The fight against climate change is the most perilous public policy issue of our time, the necessity we face as a species to remove carbon emissions from the way we live our lives is critical to our survival on this planet and Scotland is at the forefront of this fight. 

The same cannot be said of the UK. Earlier this week, Rishi Sunak weakened the UK’s commitment to net zero by watering down many of the policies aimed at achieving it, as set out in the Paris Agreement. The central policy change in his government’s U-turn is delaying the ban on the sale of new petrol and diesel cars from 2030 to 2035, a move that has not only angered climate activists but also carmakers who have already invested significant capital in preparation for the 2030 deadline. 

A U-turn from the UK government on this policy also throws Scotland’s position into uncertainty. Scotland had originally planned to phase out petrol and diesel cars by 2030, however, due to the Internal Markets Act, Scotland is forced to follow the UK Government’s decision and be pulled away from its climate change goals due to the UK Government’s U-turn. And so, once again Scotland’s policy priorities are dictated by Westminster decisions.

The fight against poverty and inequality

Central to Humza Yousaf’s first ‘Programme for Government’ is the Scottish Government’s commitment to tackle inequality and poverty. The Scottish Government announced a plethora of policies aimed at helping low income families from increasing the Child Payment (which is expected to drastically decrease child poverty) to expanding the provision of free childcare to one and two-year-olds, and expanding free school meals. The aim of these policies is to pay money directly to struggling families (long proven to be the best way to tackle poverty) and to help parents, mostly mothers, get back into the workforce - which has the added benefit of boosting employment and economic growth. Further to this, Humza Yousaf has made numerous statements outlining his iron will when it comes to the fight against poverty. 

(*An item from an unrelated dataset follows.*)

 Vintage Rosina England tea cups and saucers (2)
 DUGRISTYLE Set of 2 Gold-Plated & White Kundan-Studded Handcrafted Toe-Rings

During the pandemic, Scotland also instituted an eviction ban meaning  that some evictions can be delayed by up to 6-months. In his ‘Programme for Government’, Humza Yousaf announced that the ban would remain until March 2024, alongside a rent increase cap. By the expiration of the cap and eviction ban the Scottish Government aims to have a plan to introduce rent controls across Scotland. This will help families struggling through the cost of living crisis who have seen their rent skyrocket over the past year. 


Divergence makes independence inevitable

The consequences of economic divergence are noticeable throughout history, there is scarcely a country collapsed or empire toppled that cannot trace its root cause back to differing economic outcomes, aims and priorities. From the fall of the Roman Empire to the peaceful dissolution of Czechoslovakia, significant differences in outcomes and priorities are notable and the same will be true for Scotland and the UK.

As Scotland makes the creation of a wellbeing economy a priority, a chasm will develop between Scotland’s economic and societal outcomes and the rest of the UK. It will then become apparent to a vast majority of the population that the UK is a deadweight dragging Scotland down; its backward economic thinking will stand in stark contrast to the wellbeing economy we have worked to create, highlighting Scotland’s need to be an independent nation.